Tocam os sinos de Wall Street anunciando uma nova crise. Os brokers entram no ringue e começam outra guerra onde o 1% e o 99% se enfrentam. Ali se define o futuro do mundo. Como um jogo de futebol de todos contra todos, a batalha para sobreviver continua dia a dia. Nos escritórios do trabalho, nas ruas e nas instituições, debaixo da terra antes de entrar no metrô ou no céu coberto de cabos.

Novamente há uma ligação. Atendemos outro telefone e, em segredo, uma voz nos lê fragmentos do roteiro, como o que aparece a seguir:

Bem-vindos ao inferno. Eis aqui o único protagonista: o grande Deus Capital. Força abstrata que se materializa e se apropria da vida para semear trevas na terra. Deus Econômico cheio de ambição, sois capaz de destruir países e nações, culturas e povos, de modificar geneticamente a natureza até transformar florestas em desertos, socavar os mares e perfurar montanhas até extrair o último fragmento mineral. Para nos deixar diante do nada; uma humanidade despojada de tudo. Deus Mercado que nos obrigais a competir até a morte para vos salvar. Deus Dinheiro que pondes preço a todas as coisas, à vida e à morte. Deus Patrão que nos explorais dia a dia e nos obrigais a vender nosso único recurso não renovável: o tempo. Deus Financeiro que especulais com nossa existência embargando o futuro de sociedades inteiras. Deus Político que nos enganais a cada quatro anos e nos fazeis viver iludidos em ditaduras democráticas. Deus Google que nos espiais, analisais nossos desejos, nossa ideologia e nosso comportamento. Endemoninhado Deus Capital, sois a tirania iracunda, única crença que ainda se sustenta, enquanto quase já não acreditamos em vós. Oh, Deus Capital, anunciai vosso fim de uma vez por todas e livrai-nos deste inferno econômico…

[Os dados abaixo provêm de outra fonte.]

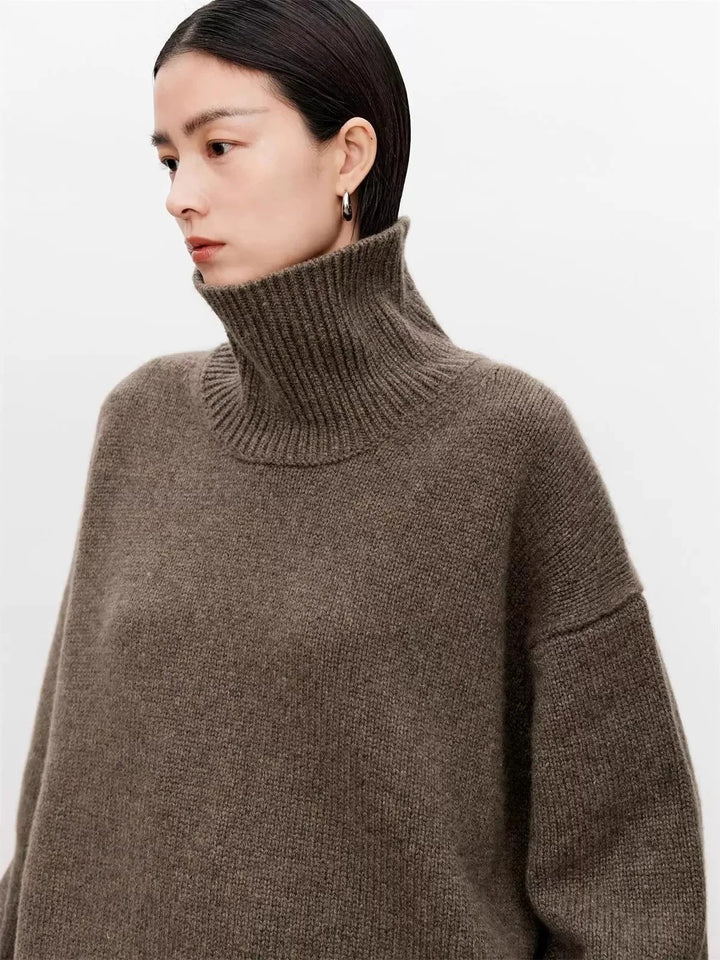 Alpina Cashmere Turtleneck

Essa é a história da humanidade e sua divina capacidade de errar. É a história do inferno no mundo, tão real quanto imaginário, e desta tragédia contemporânea que nos cabe viver. Errar de Deus é fugir do inferno das crenças, uma via de escape ao castigo eterno do capitalismo. Errar juntos em uma fuga coletiva do sistema de representações. Errar de Deus é um jogo, uma provocação errorista para imaginar outros mundos e falar de coisas que não existem.


(1) Errorismo: prática, filosofia que fundamenta sua ação no erro. Erroristas: multidões, sujeitos ou grupos que praticam o errorismo. A Internacional Errorista é um movimento fundado em 2005.
(2) Desde a sua publicação, foram realizadas apenas duas adaptações da peça: em 1968, o artista Leopoldo Maler fez uma encenação no London Arts Laboratory, sob o título de “Listen Here Now: a News Concert for Four Voices and a Soft Drum”. Depois, em 1972, o diretor de teatro Pedro Asquini preparou uma nova encenação da peça sob o título “Operación Pacem in Terris”, em uma sala de Buenos Aires, utilizando algumas obras de Ferrari como parte da cenografia.